- Opening Delimiter -
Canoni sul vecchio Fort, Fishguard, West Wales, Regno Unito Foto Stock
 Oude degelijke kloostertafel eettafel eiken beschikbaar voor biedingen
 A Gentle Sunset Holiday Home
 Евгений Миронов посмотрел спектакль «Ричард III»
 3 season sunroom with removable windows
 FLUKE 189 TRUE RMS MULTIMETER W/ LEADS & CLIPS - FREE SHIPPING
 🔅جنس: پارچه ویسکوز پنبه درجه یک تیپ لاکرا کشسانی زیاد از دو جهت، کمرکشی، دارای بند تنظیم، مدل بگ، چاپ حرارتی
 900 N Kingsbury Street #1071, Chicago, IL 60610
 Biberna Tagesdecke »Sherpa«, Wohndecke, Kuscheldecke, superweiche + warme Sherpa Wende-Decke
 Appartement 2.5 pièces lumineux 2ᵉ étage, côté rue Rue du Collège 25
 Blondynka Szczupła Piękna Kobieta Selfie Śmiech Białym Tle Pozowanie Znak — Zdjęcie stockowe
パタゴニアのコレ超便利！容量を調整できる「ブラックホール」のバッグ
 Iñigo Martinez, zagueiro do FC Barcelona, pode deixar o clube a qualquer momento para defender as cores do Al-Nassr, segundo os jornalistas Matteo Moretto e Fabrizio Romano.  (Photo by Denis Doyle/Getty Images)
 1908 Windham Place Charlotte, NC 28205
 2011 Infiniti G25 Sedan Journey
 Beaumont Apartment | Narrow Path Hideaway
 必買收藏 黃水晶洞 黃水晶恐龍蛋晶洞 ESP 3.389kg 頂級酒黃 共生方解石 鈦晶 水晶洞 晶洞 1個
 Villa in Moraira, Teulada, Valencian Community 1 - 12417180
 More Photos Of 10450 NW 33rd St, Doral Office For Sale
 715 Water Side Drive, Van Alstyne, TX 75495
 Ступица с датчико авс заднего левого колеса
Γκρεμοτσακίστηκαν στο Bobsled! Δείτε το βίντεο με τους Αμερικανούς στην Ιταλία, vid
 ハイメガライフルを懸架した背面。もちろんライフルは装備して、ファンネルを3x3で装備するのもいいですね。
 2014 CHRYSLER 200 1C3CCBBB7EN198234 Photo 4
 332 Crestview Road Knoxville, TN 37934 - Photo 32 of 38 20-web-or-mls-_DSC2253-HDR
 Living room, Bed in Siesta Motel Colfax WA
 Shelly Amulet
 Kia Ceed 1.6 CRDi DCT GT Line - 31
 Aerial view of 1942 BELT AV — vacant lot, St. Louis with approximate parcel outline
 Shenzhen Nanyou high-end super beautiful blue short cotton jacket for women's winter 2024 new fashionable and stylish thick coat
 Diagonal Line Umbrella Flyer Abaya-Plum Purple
- Closing Delimiter -
### Work to complete
Could you return the lines in the entries above that contain "with"?

### Task solution
 3 season sunroom with removable windows
 Aerial view of 1942 BELT AV — vacant lot, St. Louis with approximate parcel outline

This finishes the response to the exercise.